The SEC aims to require asset managers to provide more clarity, both by demanding solid proof of a fund’s ESG bona fides and by targeting fund names that are potentially deceptive.

Photo: Roberto Júnior via Unsplash

New SEC rules could make ESG funds abide by some standards, which would be refreshing given that the label that doesn’t have a whole lot of actual meaning at the moment.

Environmental, social and governance (ESG) credentials in the U.S. are pretty much useless. The rating system for funds allows asset managers to essentially define the terms for themselves, which is why an oil and gas giant like Exxon Mobil can end up on the S&P 500 ESG list while an EV company like Tesla doesn't make the cut (because of its lack of a climate plan, among other issues). Elon Musk was pretty pissed, needless to say.

With two proposed rule changes this week, the SEC aims to require asset managers to provide more clarity, both by demanding solid proof of a fund’s ESG bona fides and by targeting fund names that are potentially deceptive.

“I think investors should be able to drill down to see what’s under the hood of these strategies,” SEC Chair Gary Gensler said in a statement.

If the rules are finalized in something close to their current form, as experts anticipate they will be, it will be much more likely that a fund that self-describes as “green” or “sustainable” or “ESG” will actually have to prove it.

Steven Rothstein, who leads the Ceres Accelerator for Sustainable Capital Markets, said certain large tech companies and others that walk the ESG walk are likely to remain included in ESG funds, even as asset managers start taking a longer, harder look at their portfolios.

“Companies that are leaders in this area, that have a proven track record, that disclose more information: They will have more opportunities from investors to be considered for their fund,” Rothstein said.

While very few companies have flawless climate commitments, it is rare for a major tech company to have no plan at all.
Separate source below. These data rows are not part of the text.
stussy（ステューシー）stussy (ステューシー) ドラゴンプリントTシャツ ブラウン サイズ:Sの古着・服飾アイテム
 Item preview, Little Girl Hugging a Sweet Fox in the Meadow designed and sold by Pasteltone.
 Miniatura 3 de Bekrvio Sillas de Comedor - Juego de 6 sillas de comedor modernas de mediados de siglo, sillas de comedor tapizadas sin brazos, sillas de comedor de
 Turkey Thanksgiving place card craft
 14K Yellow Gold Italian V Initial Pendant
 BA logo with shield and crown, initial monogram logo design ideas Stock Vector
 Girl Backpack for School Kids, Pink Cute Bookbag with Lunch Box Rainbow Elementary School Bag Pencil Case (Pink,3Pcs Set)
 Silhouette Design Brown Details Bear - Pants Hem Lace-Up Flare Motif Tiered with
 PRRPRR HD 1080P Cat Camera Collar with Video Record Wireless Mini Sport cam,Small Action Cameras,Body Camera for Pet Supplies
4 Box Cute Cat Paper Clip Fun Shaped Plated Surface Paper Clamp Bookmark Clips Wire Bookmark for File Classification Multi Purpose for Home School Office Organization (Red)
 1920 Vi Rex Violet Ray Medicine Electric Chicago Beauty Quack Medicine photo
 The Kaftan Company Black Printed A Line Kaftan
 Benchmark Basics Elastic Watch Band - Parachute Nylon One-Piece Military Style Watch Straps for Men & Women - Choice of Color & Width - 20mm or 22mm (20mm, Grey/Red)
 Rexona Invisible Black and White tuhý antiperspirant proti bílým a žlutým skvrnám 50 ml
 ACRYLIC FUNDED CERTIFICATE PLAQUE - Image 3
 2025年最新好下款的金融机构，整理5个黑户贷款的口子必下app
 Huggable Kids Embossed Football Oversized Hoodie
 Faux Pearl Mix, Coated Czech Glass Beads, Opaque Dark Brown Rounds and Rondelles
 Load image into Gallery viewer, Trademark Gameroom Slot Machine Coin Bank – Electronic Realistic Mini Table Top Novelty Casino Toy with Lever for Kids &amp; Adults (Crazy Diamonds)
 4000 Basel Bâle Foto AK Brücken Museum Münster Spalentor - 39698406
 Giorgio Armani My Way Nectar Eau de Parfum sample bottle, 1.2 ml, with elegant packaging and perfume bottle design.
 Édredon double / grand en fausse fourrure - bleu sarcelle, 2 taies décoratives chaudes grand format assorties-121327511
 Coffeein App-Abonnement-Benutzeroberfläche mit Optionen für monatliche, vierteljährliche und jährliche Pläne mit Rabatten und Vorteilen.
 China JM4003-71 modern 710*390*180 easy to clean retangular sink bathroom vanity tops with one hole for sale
For this reason, Andrew Behar, CEO of shareholder advocacy group As You Sow, said that the SEC rules could be to the advantage of companies that have “coherent” climate plans and are more likely to fit the ESG bill. Smaller renewables companies could also benefit. If asset managers are required to choose between dropping an ESG label from their fund and dropping companies like Exxon, Behar said, Exxon will probably be on the chopping block.

“They're going to need to invest in something, so they’ll probably be investing in more renewable energy companies because they’re going to want to keep, whatever, 7-8% of their funds in energy,” he added.

The proposals come in light of widespread concerns about “greenwashing” in the ESG investment space. As sustainable investing gathers momentum — investments are set to hit roughly $50 trillion by 2025 — asset managers can slap the ESG label on funds that don’t necessarily have environmental, social and governance concerns at the center of their strategies. This is why fossil fuel corporations and other companies in similar industries sneak into ESG funds.

“I believe that we are heading toward some standardization of language, of glossary,” said Behar, noting that the European Union will also be putting out its own ESG definitions in the coming months.

And just two months ago, the SEC proposed rules to create a framework for how publicly traded companies report their emissions and climate pledges. The SEC’s latest move is a sign that it’s trying to impose some order on ESG investment and climate-related disclosures overall.

The new rules are open to public comment for 60 days, or until July 24.